*Directions for this task*: Look below for the line containing "Michael Kors Pinstripe" and the line containing "Party Cosplay Nurse", then set down both and every line between them exactly, without pictures.

*Supplied entries*:
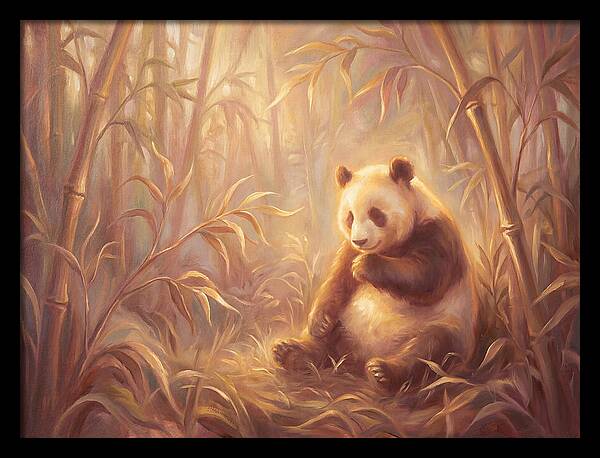 Gentle Panda In Bamboo Grove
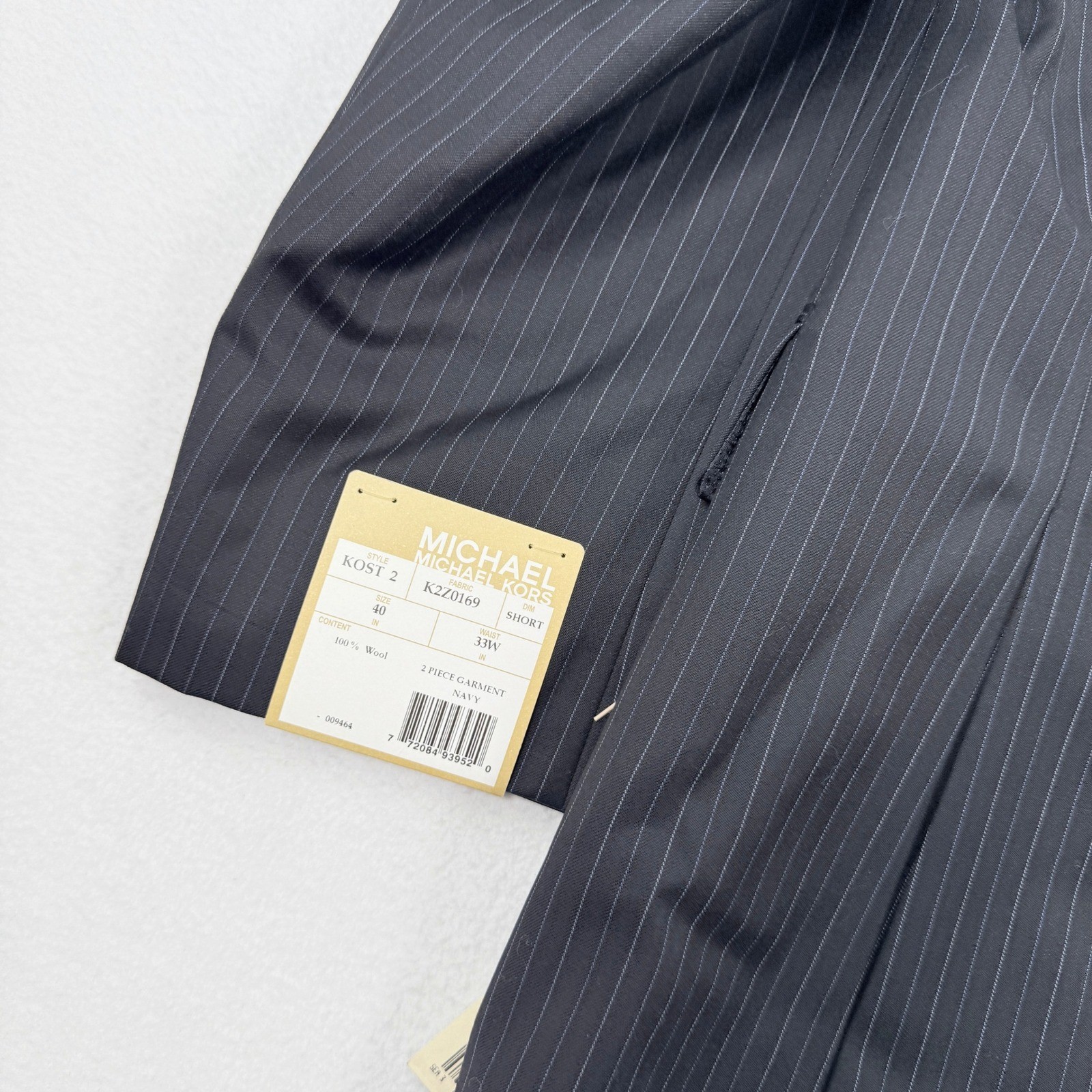 Michael Kors Pinstripe Suit Jacket Size 40-Short Mens Navy NWT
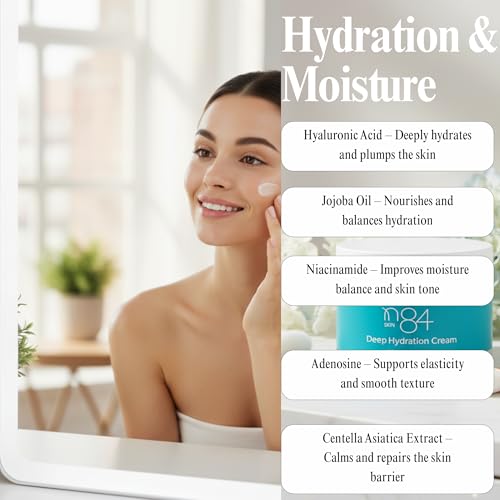 N84 Skin hyaluronic acid cream texture close-up shows a smooth, hydrating formula.
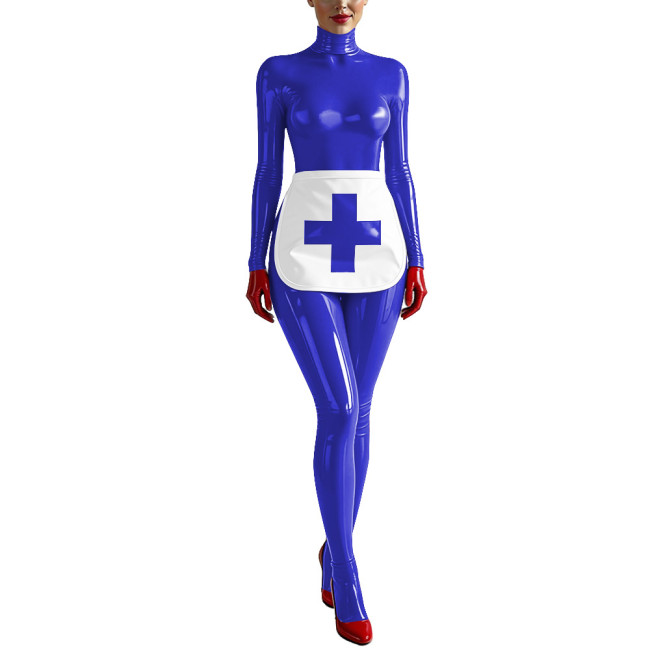 Party Cosplay Nurse Catsuit Long Sleeve PVC Vinyl Leather Bodysuit with Apron Wetlook Nurse Uniforms Halloween Roleplay Jumpsuit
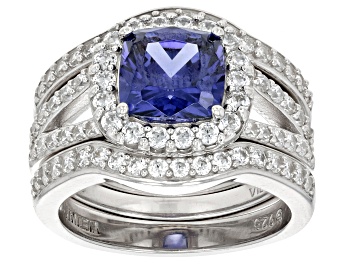 Picture of Pre-Owned Blue And White Cubic Zirconia Platinum Over Silver Holiday Ring Boxed Set 4.55ctw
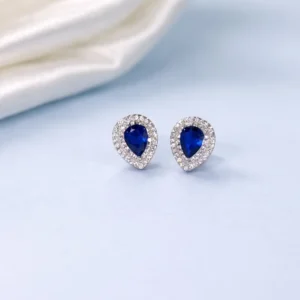 Teardrop Blue Crystal Silver Stud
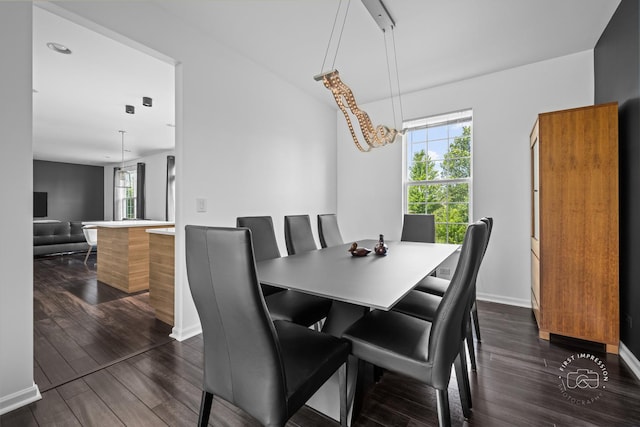 3462 Ayres Dr, Aurora, IL 60506 - dining room featuring baseboards and dark wood finished floors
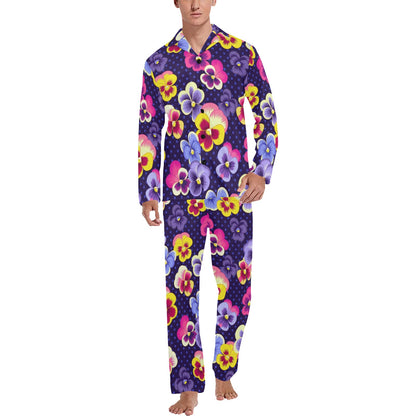 Pansy Pattern Print Design PS04 Men's Long Sleeve Pajama Set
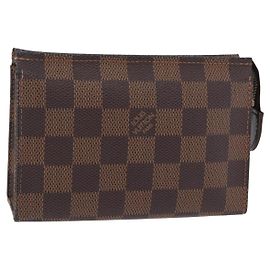 LOUIS VUITTON Damier Ebene Poche Toilette 15 Pouch N47548 LV Auth 167755M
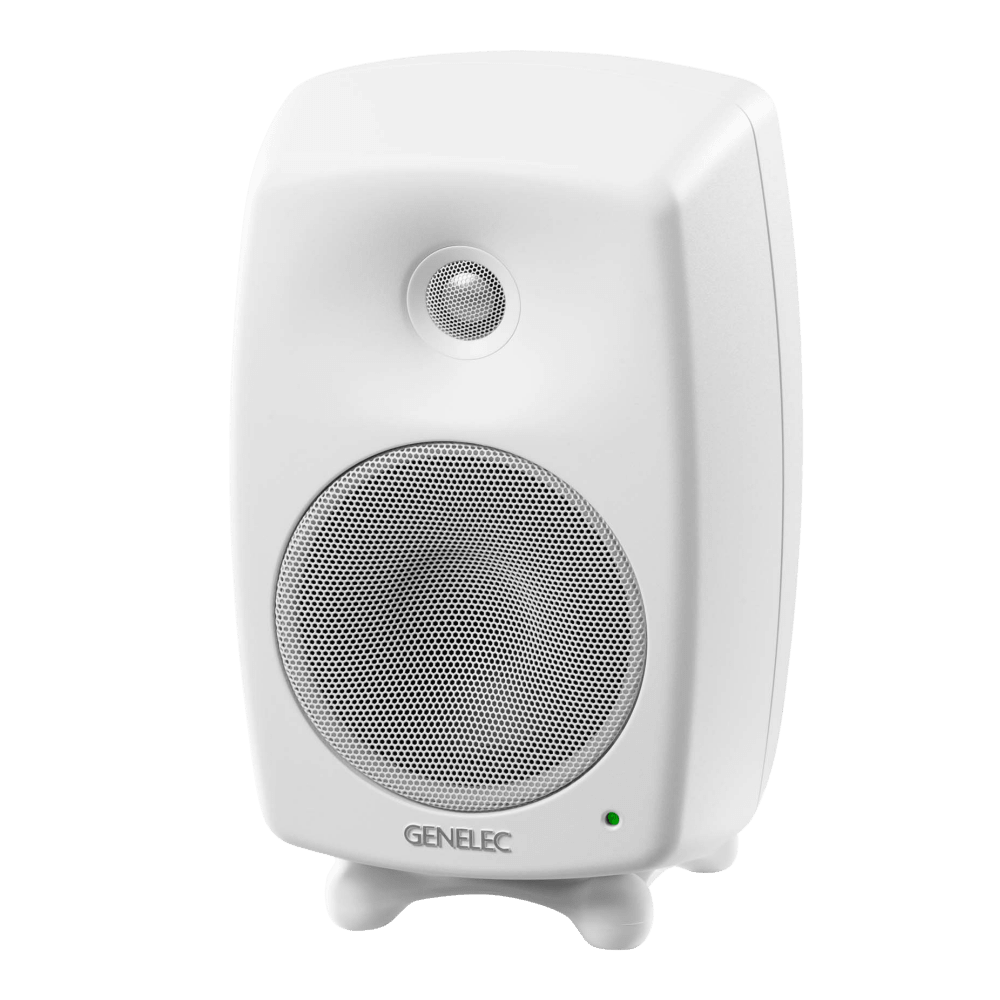 Genelec 8030C Two-Way  Active Studio Monitors.  Individual monitor shown in White, angled to the left.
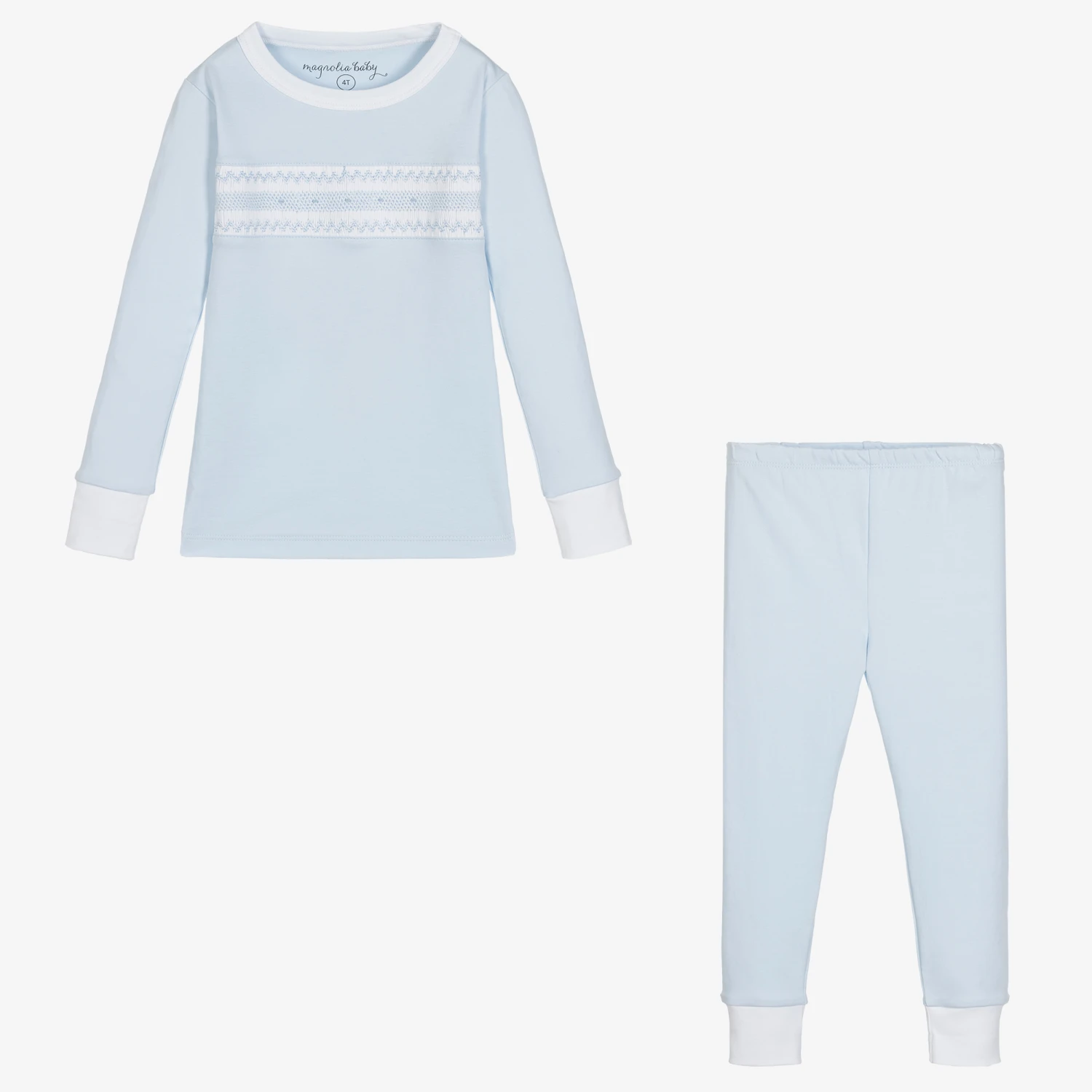 Magnolia Baby Boys Blue Smocked Pima Cotton Pyjamas 3 Magnolia Baby Boys Blue Smocked Pima Cotton Pyjamas - Image 3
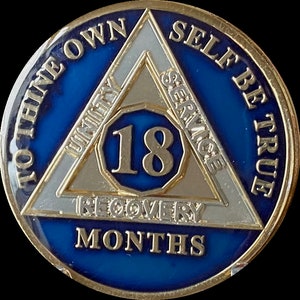 Ranger Industries 30 Day / 1 Month Sobriety Chip - Metallic Midnight Blue Tri-Plate Medallion, Serenity Prayer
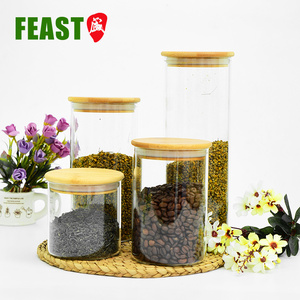 Cocina hermética <span class=keywords><strong>de</strong></span> alimentos personalizada, tuerca <span class=keywords><strong>de</strong></span> té <span class=keywords><strong>de</strong></span> flores con tapa <span class=keywords><strong>de</strong></span> bambú, tarro <span class=keywords><strong>de</strong></span> almacenamiento <span class=keywords><strong>de</strong></span> <span class=keywords><strong>vidrio</strong></span> - Product Image 3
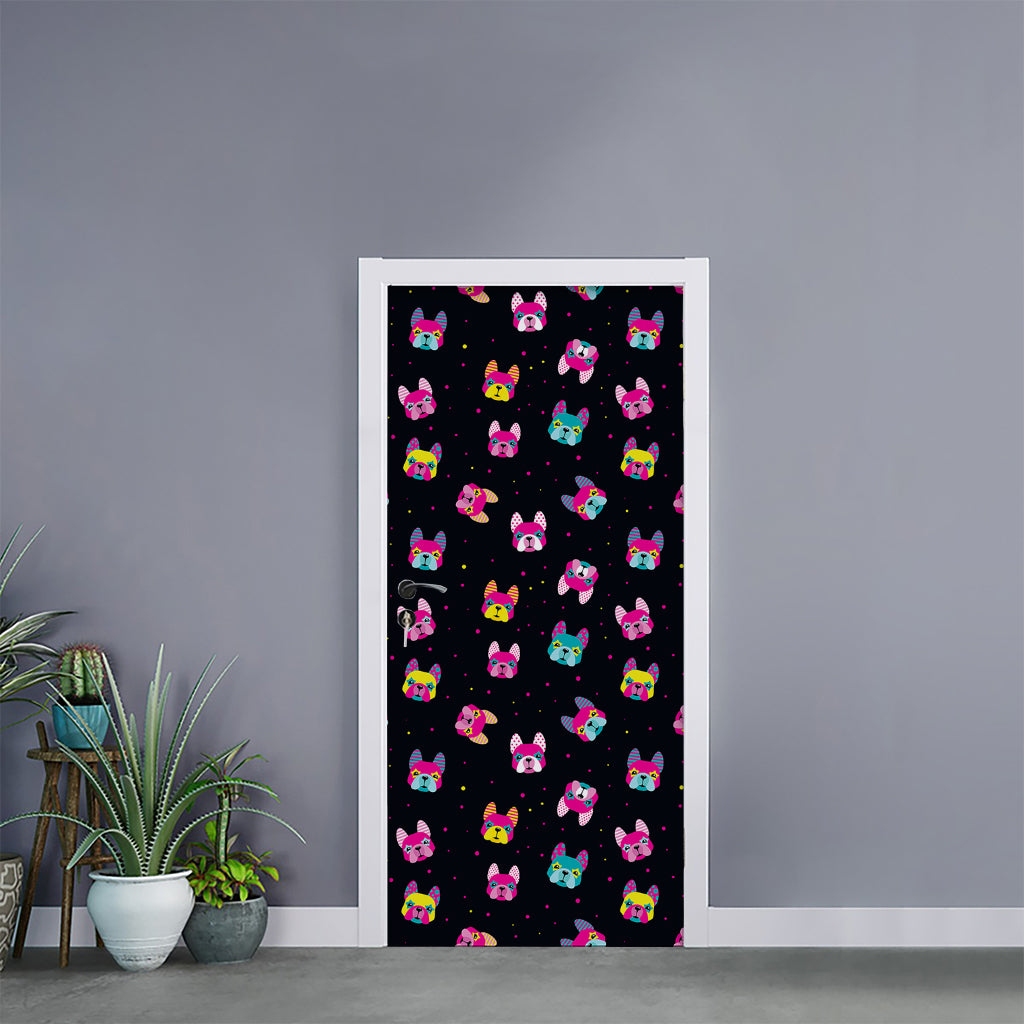 Colorful French Bulldog Print Door Sticker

*Reply to the exercise*:
 Michael Kors Pinstripe Suit Jacket Size 40-Short Mens Navy NWT
 N84 Skin hyaluronic acid cream texture close-up shows a smooth, hydrating formula.
 Party Cosplay Nurse Catsuit Long Sleeve PVC Vinyl Leather Bodysuit with Apron Wetlook Nurse Uniforms Halloween Roleplay Jumpsuit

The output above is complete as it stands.